Records for processing>
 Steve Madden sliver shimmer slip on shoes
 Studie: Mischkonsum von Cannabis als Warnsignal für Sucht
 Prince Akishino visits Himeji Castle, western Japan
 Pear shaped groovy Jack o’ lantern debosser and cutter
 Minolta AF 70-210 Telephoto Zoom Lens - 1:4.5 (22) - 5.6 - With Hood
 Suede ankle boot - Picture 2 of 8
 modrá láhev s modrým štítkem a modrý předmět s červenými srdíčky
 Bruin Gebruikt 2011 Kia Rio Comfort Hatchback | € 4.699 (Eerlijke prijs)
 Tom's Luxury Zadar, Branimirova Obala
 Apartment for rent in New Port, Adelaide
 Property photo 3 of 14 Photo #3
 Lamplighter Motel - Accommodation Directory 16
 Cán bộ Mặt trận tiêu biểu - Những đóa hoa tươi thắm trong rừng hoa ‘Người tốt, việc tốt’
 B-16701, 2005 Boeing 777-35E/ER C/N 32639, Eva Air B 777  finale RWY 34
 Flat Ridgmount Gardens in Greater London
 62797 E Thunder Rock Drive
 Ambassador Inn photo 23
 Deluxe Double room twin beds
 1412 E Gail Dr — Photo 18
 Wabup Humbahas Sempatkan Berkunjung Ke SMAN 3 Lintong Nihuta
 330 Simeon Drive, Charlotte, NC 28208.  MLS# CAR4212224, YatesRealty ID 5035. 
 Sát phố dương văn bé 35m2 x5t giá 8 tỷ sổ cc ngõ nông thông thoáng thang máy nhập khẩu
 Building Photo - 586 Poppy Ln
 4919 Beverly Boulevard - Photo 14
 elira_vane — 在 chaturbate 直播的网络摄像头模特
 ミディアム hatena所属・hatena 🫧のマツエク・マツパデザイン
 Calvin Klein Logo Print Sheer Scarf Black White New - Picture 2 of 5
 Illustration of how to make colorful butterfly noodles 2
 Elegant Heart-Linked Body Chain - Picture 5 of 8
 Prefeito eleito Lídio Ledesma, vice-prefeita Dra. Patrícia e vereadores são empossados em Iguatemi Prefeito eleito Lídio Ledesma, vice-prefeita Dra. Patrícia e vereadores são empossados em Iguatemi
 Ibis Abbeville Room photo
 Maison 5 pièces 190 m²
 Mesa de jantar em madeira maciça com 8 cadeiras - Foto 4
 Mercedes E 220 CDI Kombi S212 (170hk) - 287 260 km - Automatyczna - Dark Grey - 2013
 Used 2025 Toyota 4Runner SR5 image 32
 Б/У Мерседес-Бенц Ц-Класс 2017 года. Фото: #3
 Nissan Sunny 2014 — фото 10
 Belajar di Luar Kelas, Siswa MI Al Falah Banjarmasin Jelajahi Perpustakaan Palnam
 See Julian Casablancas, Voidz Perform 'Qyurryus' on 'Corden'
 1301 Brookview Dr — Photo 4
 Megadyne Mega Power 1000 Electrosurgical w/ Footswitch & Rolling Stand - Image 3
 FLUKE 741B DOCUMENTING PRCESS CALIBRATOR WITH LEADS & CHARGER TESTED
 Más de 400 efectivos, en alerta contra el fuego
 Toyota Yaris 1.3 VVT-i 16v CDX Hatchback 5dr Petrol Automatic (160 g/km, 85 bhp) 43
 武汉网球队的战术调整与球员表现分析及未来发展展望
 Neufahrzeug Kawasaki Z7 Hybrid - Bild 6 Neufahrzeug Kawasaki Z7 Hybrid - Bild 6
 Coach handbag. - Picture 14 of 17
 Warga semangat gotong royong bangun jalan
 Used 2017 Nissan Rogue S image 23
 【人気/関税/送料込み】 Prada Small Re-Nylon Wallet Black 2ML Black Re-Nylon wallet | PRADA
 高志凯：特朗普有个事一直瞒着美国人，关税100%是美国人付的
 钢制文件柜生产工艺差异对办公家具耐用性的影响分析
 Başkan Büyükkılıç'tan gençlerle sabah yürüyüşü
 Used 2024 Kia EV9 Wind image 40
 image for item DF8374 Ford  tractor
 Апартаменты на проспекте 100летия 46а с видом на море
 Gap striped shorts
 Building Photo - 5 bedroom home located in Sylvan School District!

Exercise> Copy task. Give back the whole listing exactly as written.

Problem solution>
 Steve Madden sliver shimmer slip on shoes
 Studie: Mischkonsum von Cannabis als Warnsignal für Sucht
 Prince Akishino visits Himeji Castle, western Japan
 Pear shaped groovy Jack o’ lantern debosser and cutter
 Minolta AF 70-210 Telephoto Zoom Lens - 1:4.5 (22) - 5.6 - With Hood
 Suede ankle boot - Picture 2 of 8
 modrá láhev s modrým štítkem a modrý předmět s červenými srdíčky
 Bruin Gebruikt 2011 Kia Rio Comfort Hatchback | € 4.699 (Eerlijke prijs)
 Tom's Luxury Zadar, Branimirova Obala
 Apartment for rent in New Port, Adelaide
 Property photo 3 of 14 Photo #3
 Lamplighter Motel - Accommodation Directory 16
 Cán bộ Mặt trận tiêu biểu - Những đóa hoa tươi thắm trong rừng hoa ‘Người tốt, việc tốt’
 B-16701, 2005 Boeing 777-35E/ER C/N 32639, Eva Air B 777  finale RWY 34
 Flat Ridgmount Gardens in Greater London
 62797 E Thunder Rock Drive
 Ambassador Inn photo 23
 Deluxe Double room twin beds
 1412 E Gail Dr — Photo 18
 Wabup Humbahas Sempatkan Berkunjung Ke SMAN 3 Lintong Nihuta
 330 Simeon Drive, Charlotte, NC 28208.  MLS# CAR4212224, YatesRealty ID 5035. 
 Sát phố dương văn bé 35m2 x5t giá 8 tỷ sổ cc ngõ nông thông thoáng thang máy nhập khẩu
 Building Photo - 586 Poppy Ln
 4919 Beverly Boulevard - Photo 14
 elira_vane — 在 chaturbate 直播的网络摄像头模特
 ミディアム hatena所属・hatena 🫧のマツエク・マツパデザイン
 Calvin Klein Logo Print Sheer Scarf Black White New - Picture 2 of 5
 Illustration of how to make colorful butterfly noodles 2
 Elegant Heart-Linked Body Chain - Picture 5 of 8
 Prefeito eleito Lídio Ledesma, vice-prefeita Dra. Patrícia e vereadores são empossados em Iguatemi Prefeito eleito Lídio Ledesma, vice-prefeita Dra. Patrícia e vereadores são empossados em Iguatemi
 Ibis Abbeville Room photo
 Maison 5 pièces 190 m²
 Mesa de jantar em madeira maciça com 8 cadeiras - Foto 4
 Mercedes E 220 CDI Kombi S212 (170hk) - 287 260 km - Automatyczna - Dark Grey - 2013
 Used 2025 Toyota 4Runner SR5 image 32
 Б/У Мерседес-Бенц Ц-Класс 2017 года. Фото: #3
 Nissan Sunny 2014 — фото 10
 Belajar di Luar Kelas, Siswa MI Al Falah Banjarmasin Jelajahi Perpustakaan Palnam
 See Julian Casablancas, Voidz Perform 'Qyurryus' on 'Corden'
 1301 Brookview Dr — Photo 4
 Megadyne Mega Power 1000 Electrosurgical w/ Footswitch & Rolling Stand - Image 3
 FLUKE 741B DOCUMENTING PRCESS CALIBRATOR WITH LEADS & CHARGER TESTED
 Más de 400 efectivos, en alerta contra el fuego
 Toyota Yaris 1.3 VVT-i 16v CDX Hatchback 5dr Petrol Automatic (160 g/km, 85 bhp) 43
 武汉网球队的战术调整与球员表现分析及未来发展展望
 Neufahrzeug Kawasaki Z7 Hybrid - Bild 6 Neufahrzeug Kawasaki Z7 Hybrid - Bild 6
 Coach handbag. - Picture 14 of 17
 Warga semangat gotong royong bangun jalan
 Used 2017 Nissan Rogue S image 23
 【人気/関税/送料込み】 Prada Small Re-Nylon Wallet Black 2ML Black Re-Nylon wallet | PRADA
 高志凯：特朗普有个事一直瞒着美国人，关税100%是美国人付的
 钢制文件柜生产工艺差异对办公家具耐用性的影响分析
 Başkan Büyükkılıç'tan gençlerle sabah yürüyüşü
 Used 2024 Kia EV9 Wind image 40
 image for item DF8374 Ford  tractor
 Апартаменты на проспекте 100летия 46а с видом на море
 Gap striped shorts
 Building Photo - 5 bedroom home located in Sylvan School District!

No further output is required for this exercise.